Poor Fuzzy: if anyone has noticed that her blog has gone suspiciously quiet, it's because she's in hospital. Nothing trivial, I can assure you. My brow is furrowed with concern as I write this - I love the wee bugger to bits (I would even offer a kidney, should one be required) and hate the thought of her having to stay at the Sawbones Hotel, not entirely knowing what they are going to do to her - but I managed to overcome my fear of hospitals and visit her. I think she was pleased-ish to see me (although I'm not the visitor she'd have wanted, ideally... ) and that if nothing else I managed to entertain her for a while. I hope she didn't notice my twitching and constant checking for an exit. I'll save relating any details as the prerogative of the poorly one herself. I'm sure that they'll be vivid.

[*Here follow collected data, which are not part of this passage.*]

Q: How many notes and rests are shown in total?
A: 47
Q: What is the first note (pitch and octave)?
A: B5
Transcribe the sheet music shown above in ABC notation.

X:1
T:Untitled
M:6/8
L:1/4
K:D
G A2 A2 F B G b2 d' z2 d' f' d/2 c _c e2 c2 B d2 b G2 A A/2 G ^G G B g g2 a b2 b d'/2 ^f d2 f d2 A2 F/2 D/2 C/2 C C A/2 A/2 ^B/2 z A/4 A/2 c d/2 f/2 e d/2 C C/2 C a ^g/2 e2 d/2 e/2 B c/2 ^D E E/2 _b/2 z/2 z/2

On reflection, I don't have a fear of hospitals so much as a total blind panic, the cause of which has a long and detailed pathology, but let's just say that when my early experiences of hospitals include breaking the drainage bag from where my father had had surgery and having icky blood "stuff" soaking my new shoes and splashed up my pristine white ankle socks, visiting my dying grandfather and witnessing the quiet death of the old bloke in the bed next to him- tugging on my mother's trousers to tell her what I saw, only to be dismissed as "making it up", which was reluctantly retracted when a clot of nurses gathered around his bed, swished the curtains shut and muttered, " -shit, I was supposed to check 'im 'alf an hour ago" and then as a pitifully self-conscious teen spending ten hours on a trolley in a hospital corridor wearing my somewhat unflattering P.E. kit, my knee swollen to the size of a spacehopper, hallucinating with pain and surreally watching the mayhem explode as some drunken brawlers lurched, spewed and sprayed gore around the A&E. I could go on, but it could easily bring on a panic attack and I'm working later.

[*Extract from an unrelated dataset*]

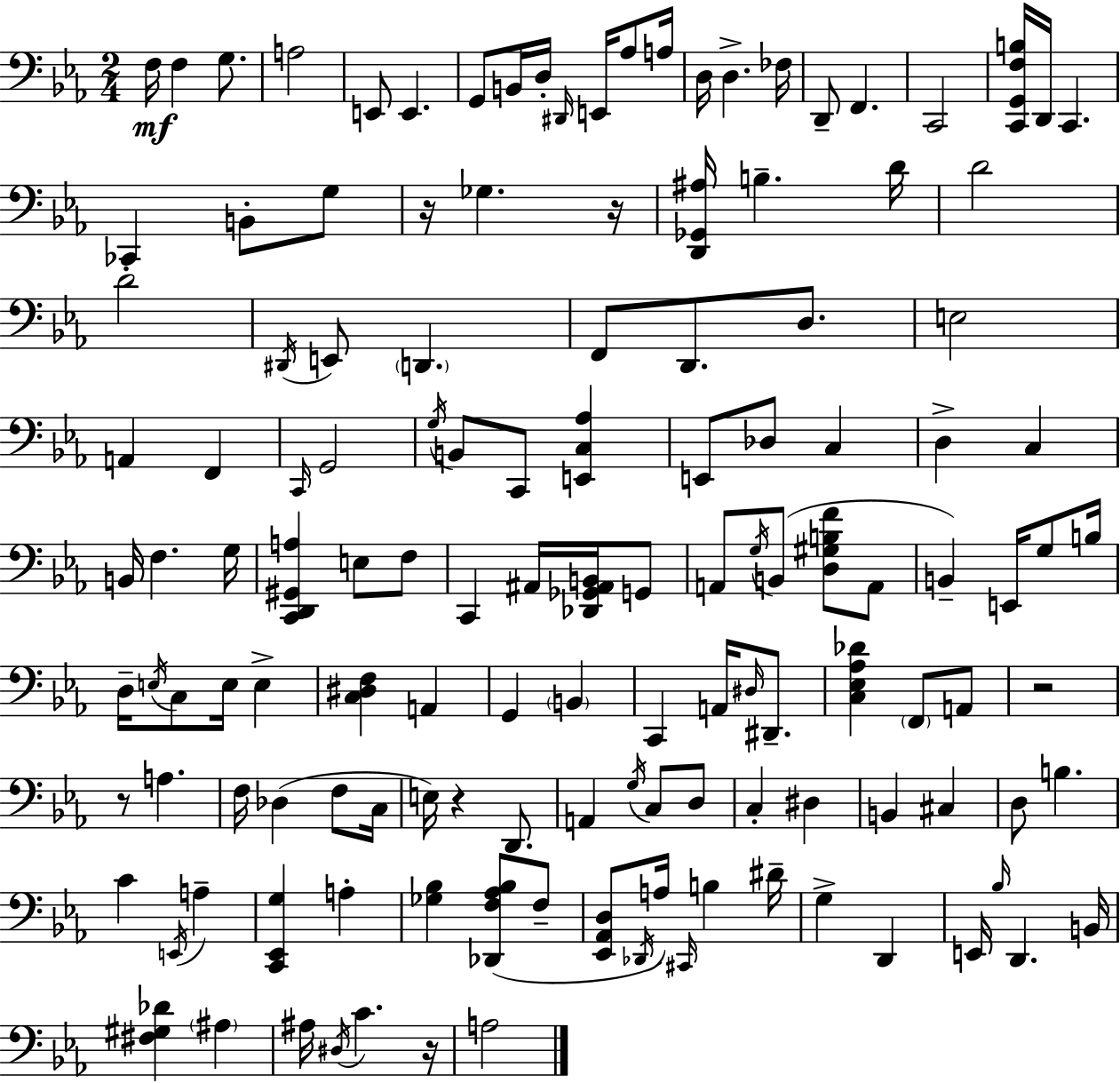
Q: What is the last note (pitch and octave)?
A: A3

Anyhow, apart from worrying about Fuzzy's hospital sojourn, I have been working 15-16 hour days getting some project work completed (I think Mrs Gripes still recognises me...) which has left no time for anything remotely resembling a life, let alone a blog. Which means that my blog anniversary slipped past without me really noticing.
Looking back, I think I had very different intentions when starting blogging. Now I'm not sure if I have any intentions at all. I am also aware that I am "self-editing" more than I thought I would. There are times when I want to express something completely different, but I bite my lip (so to speak) wary that what I say might actually affect "real" people -or worse. If I am to continue blogging, then I need to have a serious rethink about how I express myself - should I be brutally open and frank, or should I continue to self-moderate? Can you be too honest? Are there other facets of myself that I should/could explore bloggily?
If I continue to blog, I suppose I'll sort all that out. For now, I'll just worry about real stuff.
Get better NOW, Fuzzy: you're needed back in the blogosphere and the real world...
Comfort
I am having a strong urge for comfort eating. The kind my mother excelled in (no emotional problem to large or small that couldn't be lulled with a steamed sponge pudding or something greasy and sweet drowning in custard ) -the kind that I just can't eat any more.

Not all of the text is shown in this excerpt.